The loft was listed for $725,000, and she offered $800,000. “I gave him enough that he was convinced he wouldn’t get more from the competition,” she said of the seller. “But little enough that I was sure I wasn’t overpaying by too terribly much.”
The strategy worked, and she closed on the property that August. Then she began making plans to change it.
The building had been converted to condominiums in 2000, and the interior finishes had a bit too much of a heavy-handed industrial vibe for her liking, including closet doors made from galvanized sheet metal, an island with a butcher-block counter supported by steel pipes and exposed structural pillars highlighted with bright red paint.
“You could almost imagine a coffee maker made out of bike gadgets in there — they had really gone for the industrial,” Ms. Hill said. She wanted to preserve the rugged shell of the space, but “make it very sophisticated.”
Specifically, she hoped the interior would feel as calm and inviting as the lobbies of upscale hotels she had visited in nearby Sonoma County. “I wanted to create that sort of spalike feel, and get to enjoy it every day,” she said.
First, she got rid of the monstrous furnace on full view in a corner of the living space and replaced it with a streamlined mini split. She covered the thin-strip wood flooring with new 12-inch-wide white-oak boards.
Then, to help realize her larger vision, she turned to Lane McNaba San Francisco-based interior designer whose work she had admired at a friend’s house. “I didn’t want to fall into the trap of having an idea in the bedroom, an idea in the dining room, an idea in the living room and an idea in the kitchen, only to have a big, open space with four ideas competing for attention,” Ms. Hill said. “And I had seen Lane’s work, and how easily and softly she captured one idea and could flow it through space.”
After meeting with Ms. Hill, Ms. McNab knew exactly what to do. “We wanted it to feel high-end and luxurious, but to still respect the rawness of the space, with its concrete walls and exposed pipes,” Ms. McNab said.
That called for employing a simple palette of natural materials and understated colors, she added: “We didn’t want anything lacquered or faux or highly polished.”

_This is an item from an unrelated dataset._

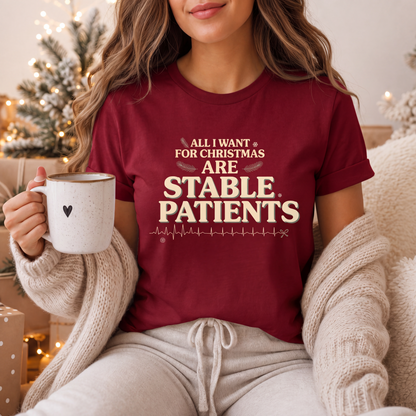 All I Want for Christmas Are Stable Patients Funny Nurse T-Shirt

In the sleeping area, Ms. McNab replaced the sheet-metal closet doors with a wall of bleached walnut built-ins. She demolished a drywall partition that partially separated the sleeping area from the dining area, and installed an antique folding screen (leaving Ms. Hill the option of adding a steel-and-glass partition in the future).
Another bank of bleached walnut cabinetry runs the length of the dining area and into the living area, before terminating at the windows. In the dining area, the cabinet doors have an asymmetrical arrangement of pulls resembling abstract butterflies, which Ms. McNab sculpted in clay and then had cast in bronze. In the living area, the unit transitions to open shelves that run behind a large, custom-designed U-shaped sofa. Overhead, she installed cable-based lighting that adds illumination without requiring more conduit on the ceiling.
On the other side of the loft, they replaced the kitchen with help from Lisa Cannelora, the owner of Kitchena kitchen-design company based in Alameda, Calif., who improved the spatial flow and added a larger island with a Neolith counter illuminated by brass-and-walnut Arc pendant lamps from Allied Maker. That space runs into an open office by the windows, where they painted the red structural members black, so they no longer command as much attention.
Ms. Hill moved into the loft in January 2020, after the floors were replaced and the kitchen was installed, and lived there through the rest of the construction. She waited until this year to renovate the bathroom, which brought the total cost up to about $180,000.
Now, “one of my great joys is literally to sit on the couch and look through a magazine or read a book,” she said. “It’s the thing you want to do on vacation but are too busy wine tasting, riding your bike or shopping to do. It’s my sanctuary.”